A Love Trilogy is the third studio album by American singer and songwriter Donna Summer. It was released on March 5, 1976, eight months after her international breakthrough with the single and album of the same name – "Love to Love You Baby". The bold, sexual nature of that particular song had earned Summer the title 'the first lady of love'. By now Summer's work was being distributed in the U.S. by Casablanca Records, and the label encouraged Summer, Moroder and team to continue in this vein. A Love Trilogy uses the first side for one long disco track in three distinct movements 'Try Me', 'I Know', 'We Can Make It', and coalescing into the "love trilogy" of the title – "Try Me, I Know We Can Make It". Side two contained three additional erotic disco songs, including a cover of Barry Manilow's "Could It Be Magic". The album's artwork showed Summer floating light-heartedly through the clouds, again adding to the image of her as a fantasy figure.

The album sold well across the world (it was her second consecutive album to be certified Gold in the United States) and again topped the national US Disco charts. Edited versions of "Try Me, I Know We Can Make It" and "Could It Be Magic" did not reach the top forty on the Billboard Hot 100, but the latter was a sizable R&B hit (#21) and disco hit (#3). Casablanca released a 12-inch version of "Try Me I Know We Can Make It" with "Love to Love You Baby" on the reverse side. The single "Could It Be Magic" was a Top 5 hit in the Netherlands.

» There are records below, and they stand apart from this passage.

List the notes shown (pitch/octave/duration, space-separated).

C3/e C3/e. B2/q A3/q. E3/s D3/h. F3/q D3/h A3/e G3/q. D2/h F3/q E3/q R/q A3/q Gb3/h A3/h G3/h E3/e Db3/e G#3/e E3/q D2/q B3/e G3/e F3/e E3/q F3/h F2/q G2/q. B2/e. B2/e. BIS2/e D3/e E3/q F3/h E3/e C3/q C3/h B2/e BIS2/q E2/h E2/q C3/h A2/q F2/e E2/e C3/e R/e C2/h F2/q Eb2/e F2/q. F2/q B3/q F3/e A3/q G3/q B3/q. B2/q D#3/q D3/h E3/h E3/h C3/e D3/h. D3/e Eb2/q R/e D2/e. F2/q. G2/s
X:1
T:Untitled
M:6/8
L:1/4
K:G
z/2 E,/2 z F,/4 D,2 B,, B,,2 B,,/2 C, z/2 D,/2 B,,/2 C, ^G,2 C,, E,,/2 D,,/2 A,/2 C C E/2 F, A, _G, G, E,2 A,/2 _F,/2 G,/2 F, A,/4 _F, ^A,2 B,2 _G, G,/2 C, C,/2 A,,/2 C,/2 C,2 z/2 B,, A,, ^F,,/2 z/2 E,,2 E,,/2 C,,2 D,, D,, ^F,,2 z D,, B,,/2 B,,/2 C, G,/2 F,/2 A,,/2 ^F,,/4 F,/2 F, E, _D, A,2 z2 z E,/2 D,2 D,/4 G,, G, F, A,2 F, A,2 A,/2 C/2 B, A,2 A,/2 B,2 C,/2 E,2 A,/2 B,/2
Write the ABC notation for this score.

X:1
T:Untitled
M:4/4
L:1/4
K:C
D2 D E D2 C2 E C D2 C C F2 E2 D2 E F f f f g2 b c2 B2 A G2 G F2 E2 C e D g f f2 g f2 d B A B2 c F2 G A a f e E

The album reached the no. 41 spot in September, six months after its initial release. Likewise the single "Could It Be Magic" which only reached no. 40.

Professional ratings
Review scores
| Source | Rating |
| AllMusic | Star |
| Christgau's Record Guide | B |
| The Rolling Stone Album Guide | Star |

==Track listing==
All tracks produced by Pete Bellotte and Giorgio Moroder.

Side one
| No. | Title | Writer(s) | Length |
|---|---|---|---|
| 1. | "Try Me, I Know We Can Make It" | Donna Summer; Bellotte; Moroder; | 17:57 |

Side two
| No. | Title | Writer(s) | Length |
|---|---|---|---|
| 1. | "Prelude to Love" | Summer; Bellotte; Moroder; | 1:06 |
| 2. | "Could It Be Magic" | Adrienne Anderson; Barry Manilow; | 5:19 |
| 3. | "Wasted" | Bellotte; Moroder; | 5:09 |
| 4. | "Come With Me" | Bellotte; Moroder; | 4:22 |

==Personnel==
- Donna Summer – vocals
- Giorgio Moroder – synthesizer, bass guitar, producer
- Pete Bellotte – producer
- The Midnite Ladies: Madeline Bell, Sunny Leslie, Sue Glover – backing vocals
- The Munich Machine: Thor Baldursson – keyboards, string arrangement, Frank Diez – guitar, Keith Forsey – drums, Martin Harrison – drums, Molly Moll – guitar, Gary Unwin – bass guitar, Les Hurdle – bass guitar

The musicians collectively known as the "Munich Machine" worked on a variety of Moroder/Bellotte productions from this period.

Production
- Producers: Giorgio Moroder, Pete Bellotte
- Engineer: Jürgen Koppers, Mack & Hans
- Musical arrangements: Giorgio Moroder and Thor Baldurson

==Charts==

Chart performance for A Love Trilogy
| Chart (1976) | Peak position |
|---|---|
| Australian Albums (Kent Music Report) | 32 |
| Austrian Albums (Ö3 Austria) | 8 |
| Finnish Albums (Suomen virallinen lista) | 14 |
| German Albums (Offizielle Top 100) | 24 |
| Italian Albums (Musica e dischi) | 4 |
| Norwegian Albums (VG-lista) | 14 |
| Portuguese Albums (Musica & Som) | 4 |
| Spanish Albums (AFE) | 1 |
| Swedish Albums (Sverigetopplistan) | 18 |
| UK Albums (Official Charts) | 41 |
| US Billboard 200 | 21 |

==Certifications==

| Region | Certification | Certified units/sales |
| France (SNEP) | Gold | 100,000^{*} |
| Philippines (PARI) | Platinum | 60,000 |
| United Kingdom (BPI) | Gold | 100,000^{^} |
| United States (RIAA) | Gold | 500,000^{^} |
^{*} Sales figures based on certification alone. ^{^} Shipments figures based on certification alone.